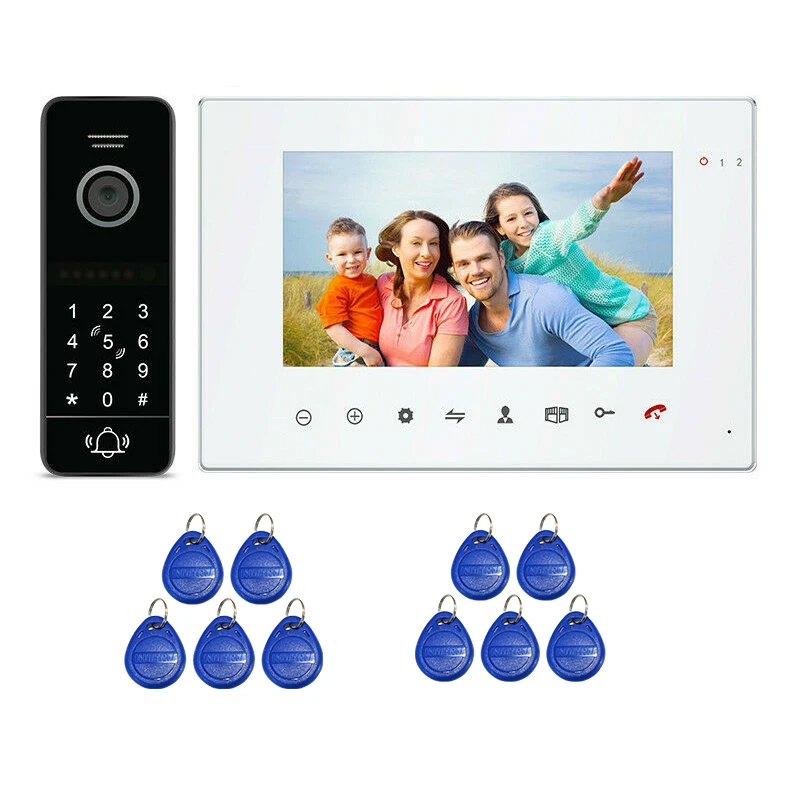 

Wired 720P AHD Video Door Phone Intercom System Code Keypad RFID Doorbell Camera 7 inch Recording Monitor Free Shipping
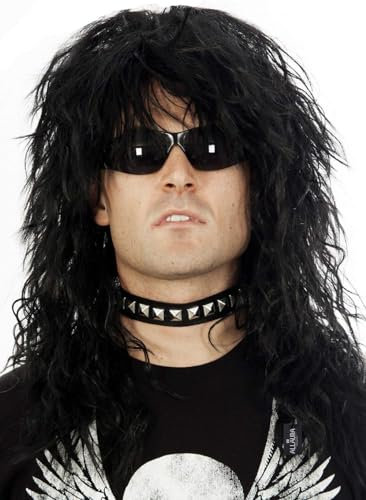 ALLAURA 80s Rocker Mullet Wig - Black Men's Big Hair Band Punk Rock Costume Wig
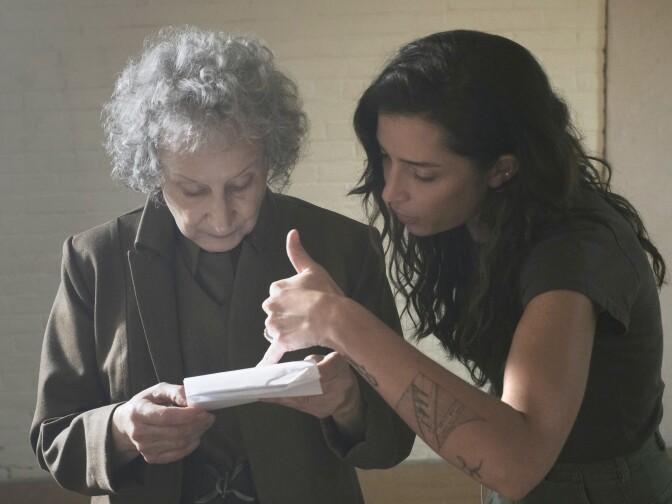 Behind the scenes of Hulu's "The Handmaid's Tale" with Margaret Atwood and Reed Morano, shown.  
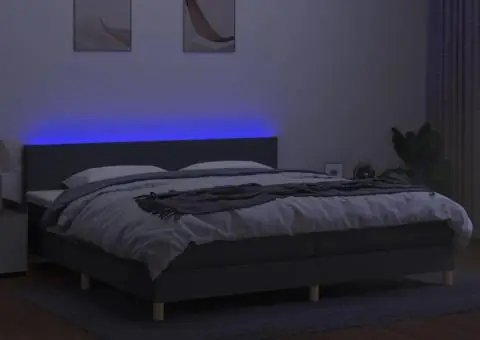 Pat cu arcuri, saltea și LED, gri închis, 200x200 cm, textil - 4/5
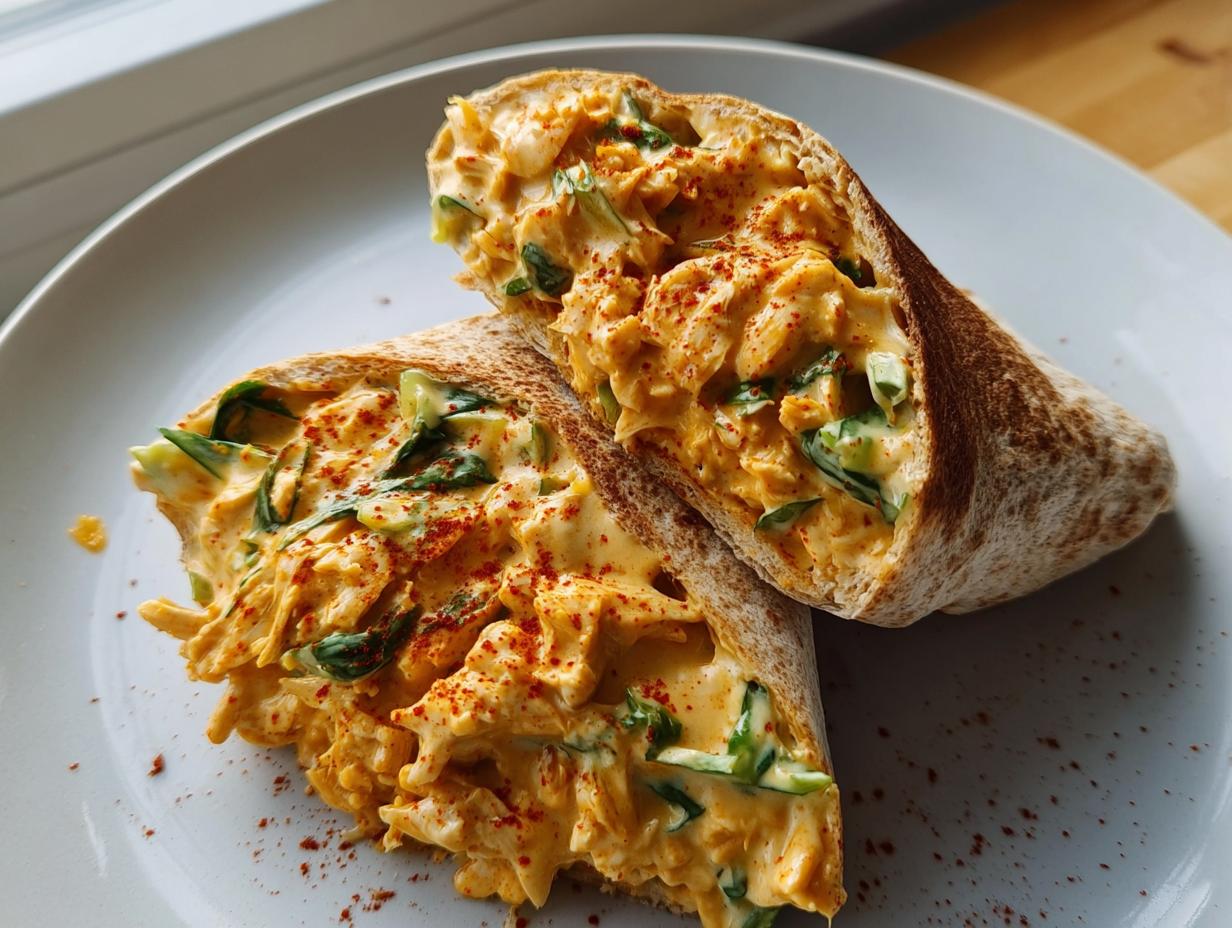 A close-up view of two halves of a Spicy Buffalo Chicken Wrap, filled with creamy chicken and greens, sprinkled with paprika.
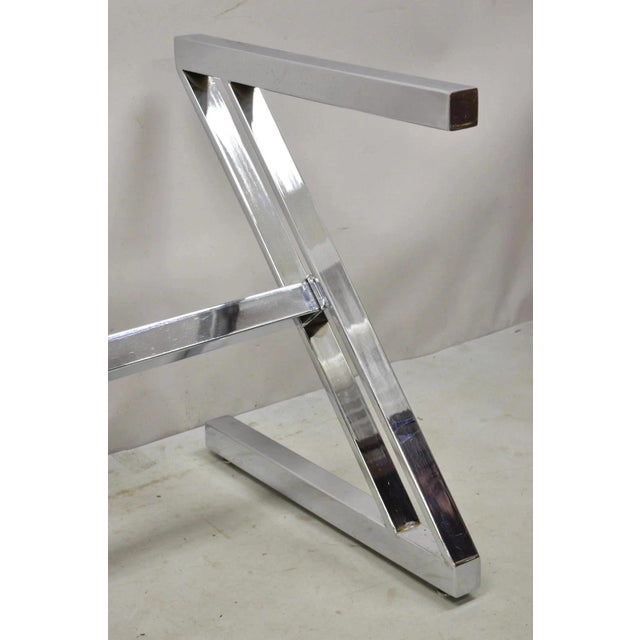 Late 20th Century Vintage Mid Century Modern Chrome Frame Z Shaped Metal Desk Dining Table Base For Sale - Image 5 of 11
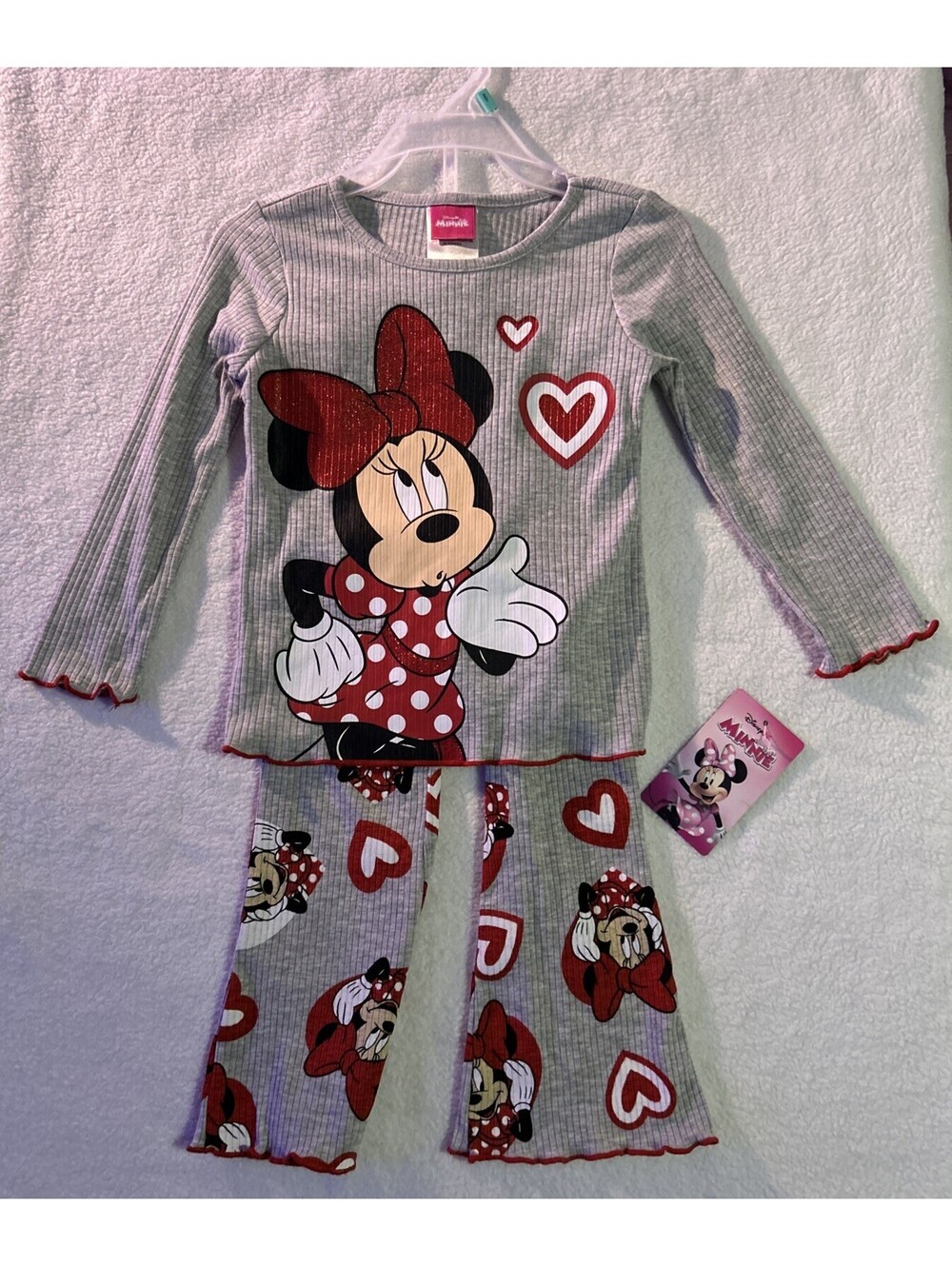 NEW Disney Cartoon Print Girls Long Sleeve 2-Piece Set Pajama Minnie Mouse 2T
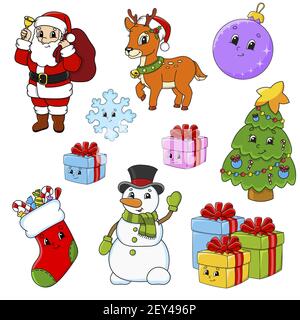 Set of stickers with cute cartoon characters. Christmas theme. Hand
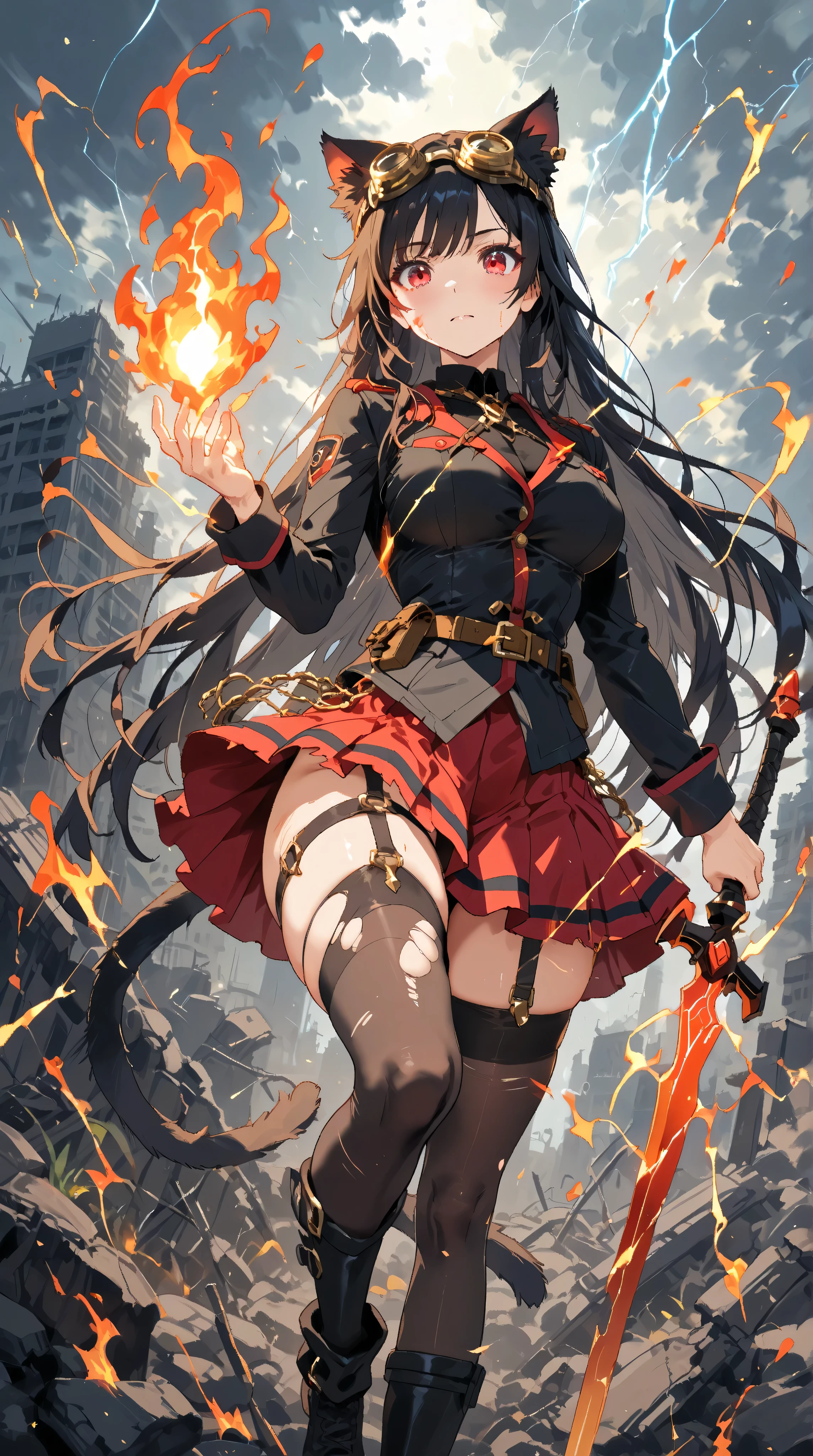 1girl , (Face focus and zoom:1.4).
has mature dignity and strength 、 Manipulate Fire with a Single Wave of Arms 、 creates an elaborate sword with that momentum 。What are the characters and backgrounds drawn in detail、 lyrical power and Combining elegant beauty 、 The outline of a sparkling hologram shines brightly 。 crimson eyes reflect hidden passion and intelligence 、 style make its presence stand out even more。
(Goggles and cat ears , WOMEN AROUND THE WORLD ALWAYS WEAR GOGGLES AND CAT EARS , she is cutting-edge WEAR GOLD GOGGLES :1.2).
futuristic gold goggles and cat ear accessories make the long jet black hair dancing in the 、 symbolizes individuality and refined strength 、 has a visual impact 。
( beautiful, straight, jet black long hair , red eyes:1.2).The well-worn black military uniform and red skirt are characteristic、 with battlefield aesthetics and bold energy 、 express mature beauty and graceful strength 。 strong eyesight and serious expression。( The aura of flames surrounding her、It's releasing。Expressing the energy of thunder plasma mixed with flame。Lightning thunder-popping effects:1.2)
background:
The stage is、 the ruins that once boasted glory and ruins huge Urban 。 skyscrapers on the verge of collapse 、Burnt Streetscapes 、 weeds that grow on cracked asphalt 、 tells the story of the intersection of melancholy and hope 。 scattered rubble and decayed trains 、 quietly show traces of past glory and turbulent battles 。 while heavy gray clouds and lightning color the sky 、 Her Burning Sword of Fire 、 accentuate majestic energy and the power of adults 。
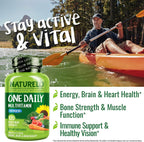 NATURELO Multivitamínico para Hombres 50+ - Complejo Diario con Vitaminas, Minerales y Alimentos Orgánicos, 120 Cápsulas Vegetales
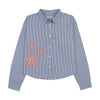 Urban Edge Star Patch Pinstripe Navy Striped/ Star Shirt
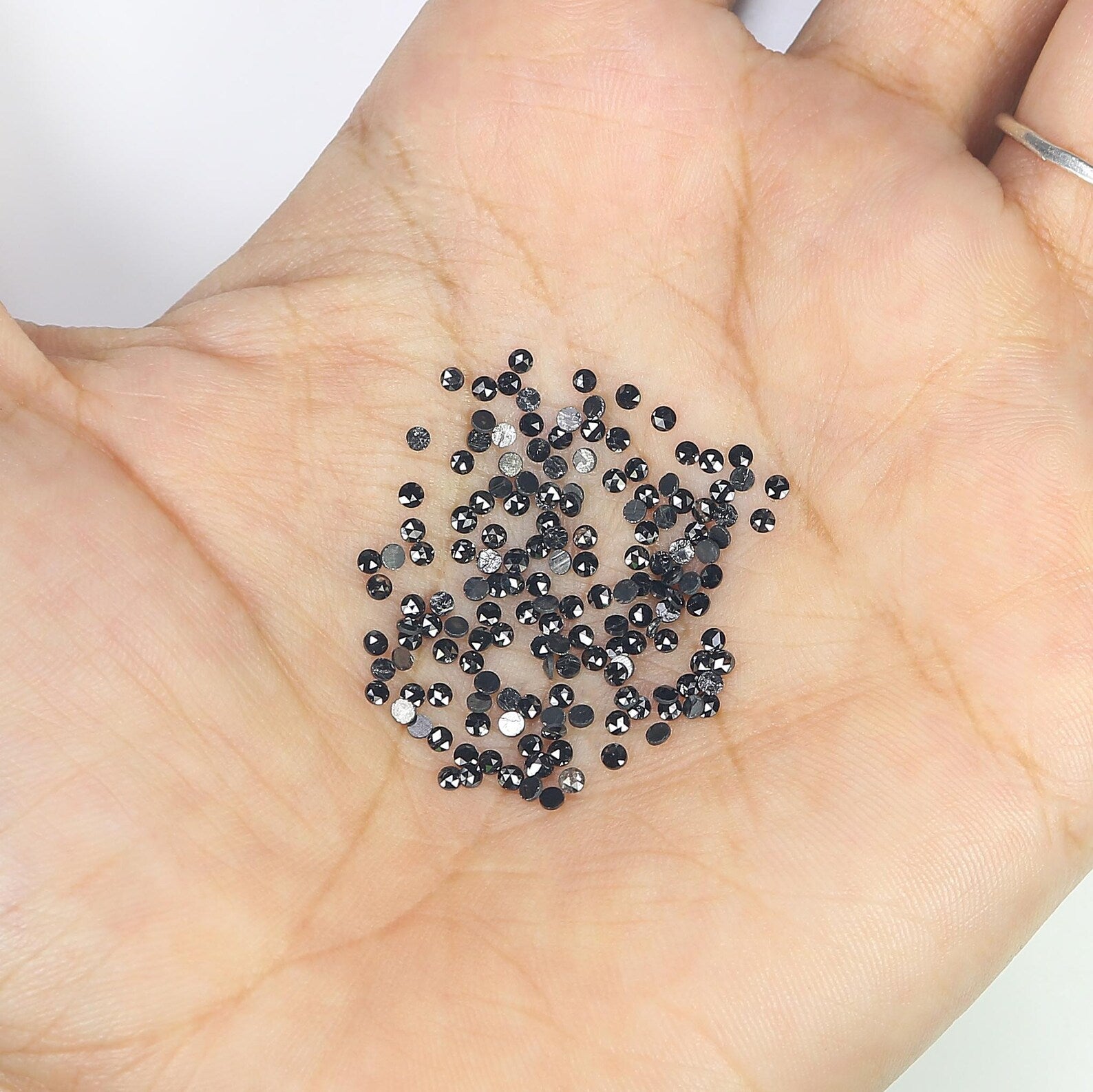 3.04 CT Natural Loose Round Shape Diamond Black Color Round Diamond 1.65 MM Natural Loose Diamond Black Color Round Rose Cut Diamond NQ1828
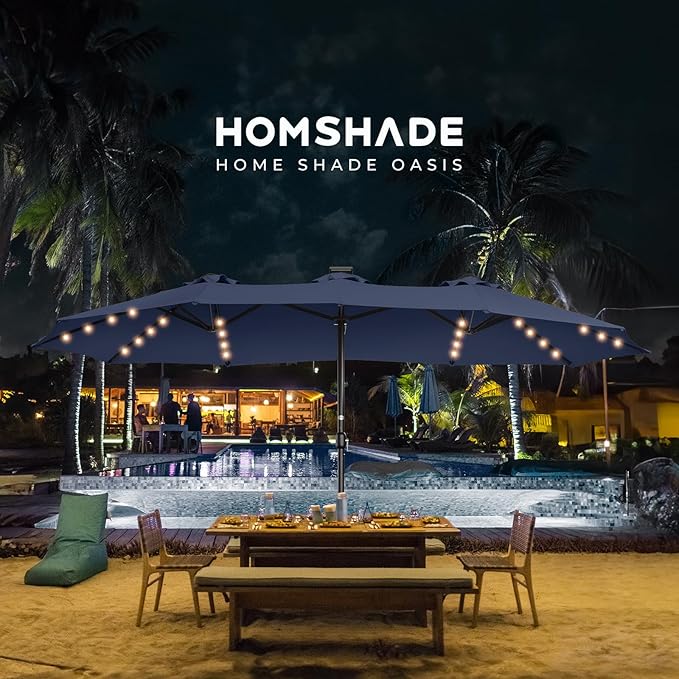 HOMSHADE Double Sided Patio Umbrellas - 13ft Solar Lights LED Lighted Outdoor Extra Large Market Table Umbrella with Base Included, Oversized Umbrella for Deck, Pool, Backyard
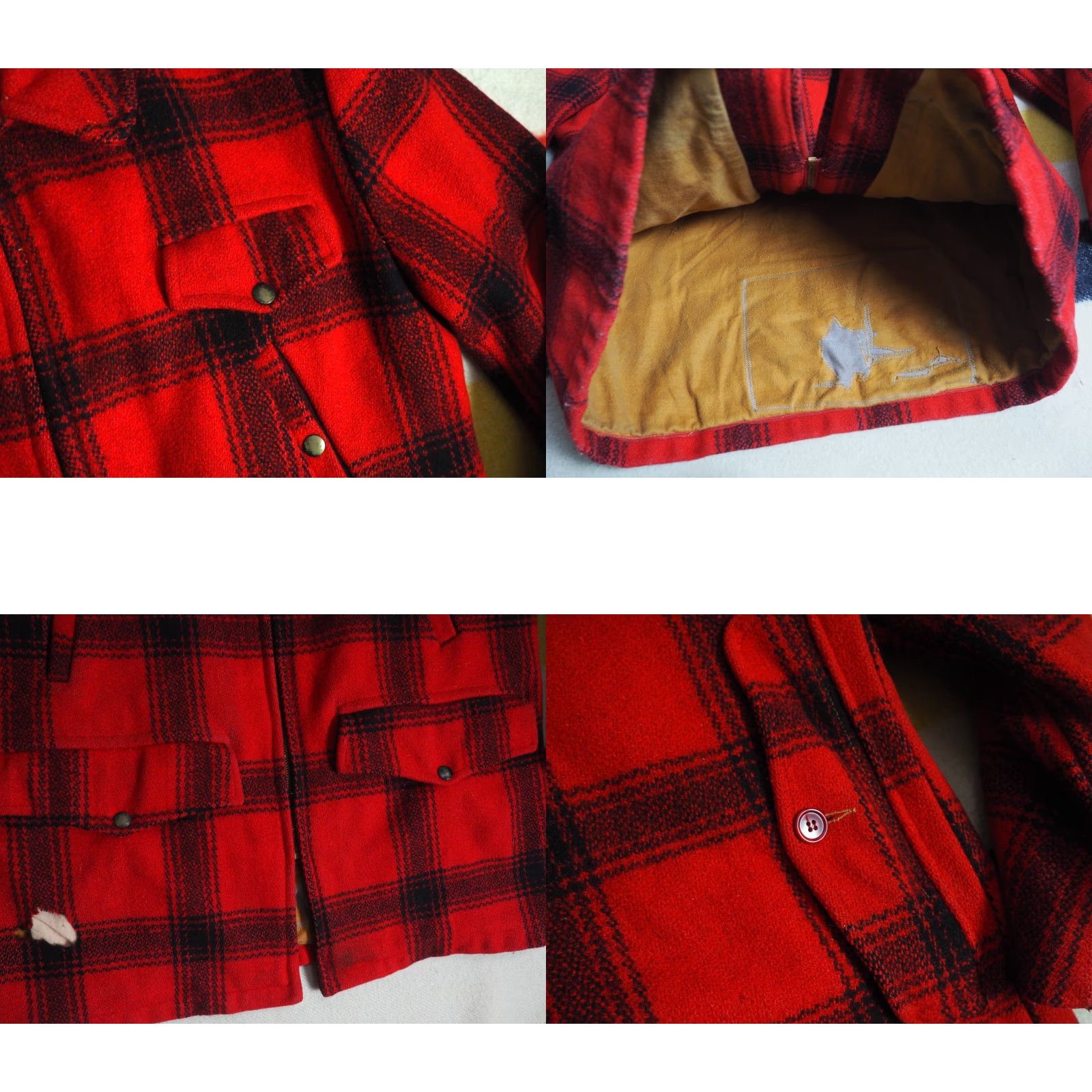 Vintage VTG Penneys USA Mackinaw Jacket Coat Mens L Wool Zip Plaid Red Black 50s Size US L / EU 52-54 / 3 - 8 Thumbnail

++++++++++

* [WHAT TO WORK ON] Scan the records above and show every line in which the word "that" occurs.

* [COMPLETED EXERCISE]
has mature dignity and strength 、 Manipulate Fire with a Single Wave of Arms 、 creates an elaborate sword with that momentum 。What are the characters and backgrounds drawn in detail、 lyrical power and Combining elegant beauty 、 The outline of a sparkling hologram shines brightly 。 crimson eyes reflect hidden passion and intelligence 、 style make its presence stand out even more。
The stage is、 the ruins that once boasted glory and ruins huge Urban 。 skyscrapers on the verge of collapse 、Burnt Streetscapes 、 weeds that grow on cracked asphalt 、 tells the story of the intersection of melancholy and hope 。 scattered rubble and decayed trains 、 quietly show traces of past glory and turbulent battles 。 while heavy gray clouds and lightning color the sky 、 Her Burning Sword of Fire 、 accentuate majestic energy and the power of adults 。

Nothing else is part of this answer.